The Good And The Just In Romans 5:7 -- By: Andrew D. Clarke
TynBul 41:1 (1990) p. 128
The Good And The Just In Romans 5:71
In Romans 5:6–8 Paul contrasts the greatest acts of human heroism on behalf of a good or righteous man with the far greater act of self-sacrifice which was made by Jesus Christ on behalf of us sinners. The thrust of Paul’s argument highlights God’s action in his Son. So clear is this thrust that a number of commentators have tended to skip over the possible difficulties of verse 7, to concentrate on the impact of verses 6 and 8.2
In fact, the argument of verse 7 has appeared to many somewhat incongruous, and has led interpreters to adopt a number of quite different stances. The verse can be divided into two clauses-7a, ‘for scarcely will anyone die for a δίκαιος and 7b, ‘though for ὁ ἀγαθός someone might possibly dare to die’.
I. Romans 5:7 In Recent Interpretation
The main problem in this verse has been determining whether a contrast is being drawn between δίκαιος and ὁ ἀγαθός, or whether, in essence, these two nouns are synonymous. There are six principal lines of interpretation commonly adopted.

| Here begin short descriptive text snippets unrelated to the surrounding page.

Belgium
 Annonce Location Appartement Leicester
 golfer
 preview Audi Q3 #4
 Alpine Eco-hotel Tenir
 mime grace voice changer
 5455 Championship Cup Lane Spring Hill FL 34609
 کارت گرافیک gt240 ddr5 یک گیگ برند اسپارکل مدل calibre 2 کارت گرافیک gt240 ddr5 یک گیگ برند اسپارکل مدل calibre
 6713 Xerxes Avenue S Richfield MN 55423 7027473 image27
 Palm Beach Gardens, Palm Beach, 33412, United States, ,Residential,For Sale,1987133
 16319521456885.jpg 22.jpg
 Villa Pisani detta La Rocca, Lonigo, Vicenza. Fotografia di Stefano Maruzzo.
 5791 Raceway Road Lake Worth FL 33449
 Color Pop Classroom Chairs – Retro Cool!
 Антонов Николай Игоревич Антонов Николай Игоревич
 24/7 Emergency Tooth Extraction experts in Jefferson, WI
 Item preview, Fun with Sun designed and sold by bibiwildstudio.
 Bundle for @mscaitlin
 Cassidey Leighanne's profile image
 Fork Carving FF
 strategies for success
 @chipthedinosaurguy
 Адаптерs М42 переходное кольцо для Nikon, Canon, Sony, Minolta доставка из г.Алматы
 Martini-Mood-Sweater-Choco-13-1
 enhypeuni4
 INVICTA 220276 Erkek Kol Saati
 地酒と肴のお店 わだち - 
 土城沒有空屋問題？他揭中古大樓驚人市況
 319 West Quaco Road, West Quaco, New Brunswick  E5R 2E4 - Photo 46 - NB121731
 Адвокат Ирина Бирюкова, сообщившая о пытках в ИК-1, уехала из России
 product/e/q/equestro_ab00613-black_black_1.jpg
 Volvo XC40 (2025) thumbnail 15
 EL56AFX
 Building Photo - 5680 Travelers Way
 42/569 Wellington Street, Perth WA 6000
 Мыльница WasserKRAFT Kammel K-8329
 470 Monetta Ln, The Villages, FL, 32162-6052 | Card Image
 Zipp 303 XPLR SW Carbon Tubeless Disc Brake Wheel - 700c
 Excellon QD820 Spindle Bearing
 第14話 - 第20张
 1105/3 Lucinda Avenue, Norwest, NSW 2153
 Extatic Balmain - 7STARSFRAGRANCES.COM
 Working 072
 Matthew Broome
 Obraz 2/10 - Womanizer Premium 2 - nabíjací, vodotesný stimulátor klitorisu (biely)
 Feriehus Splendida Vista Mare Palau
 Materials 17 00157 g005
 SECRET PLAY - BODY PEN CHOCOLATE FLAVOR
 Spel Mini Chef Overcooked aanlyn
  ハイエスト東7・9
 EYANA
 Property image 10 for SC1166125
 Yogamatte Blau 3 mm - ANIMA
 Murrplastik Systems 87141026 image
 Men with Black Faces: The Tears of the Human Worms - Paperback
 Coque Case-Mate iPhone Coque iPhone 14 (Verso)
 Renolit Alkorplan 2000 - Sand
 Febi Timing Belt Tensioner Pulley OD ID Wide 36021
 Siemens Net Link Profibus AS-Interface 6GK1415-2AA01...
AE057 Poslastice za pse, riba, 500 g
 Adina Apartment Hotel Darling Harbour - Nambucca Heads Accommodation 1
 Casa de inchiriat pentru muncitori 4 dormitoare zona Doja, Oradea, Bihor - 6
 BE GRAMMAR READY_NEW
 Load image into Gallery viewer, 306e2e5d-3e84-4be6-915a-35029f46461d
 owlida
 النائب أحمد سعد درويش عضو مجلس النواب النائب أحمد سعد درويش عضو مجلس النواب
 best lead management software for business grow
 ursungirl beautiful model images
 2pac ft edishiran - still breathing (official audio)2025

The majority of commentators argue that the nouns are essentially synonymous, with some arguing for complete identity between the two types of people.3 Thus verse 7b simply
TynBul 41:1 (1990) p. 129
allows for the outside possibility that such a sacrificial act of heroism might just happen. In this sense, we may paraphrase Paul: ‘Rarely will anyone die for a just or good man, although someone may possibly do it.’
A modification of this view suggests a distinction in meaning between δίκαιος and ὁ ἀγαθός. The latter is a stronger description. A ‘just’ man would describe the person who, before the letter of the law, is unimpeachable. Although such a person may well be admirable, he is somewhat without compassion. It is the person who is ‘good’ that attracts more sentiment. One who is ἀγαθός is prepared t...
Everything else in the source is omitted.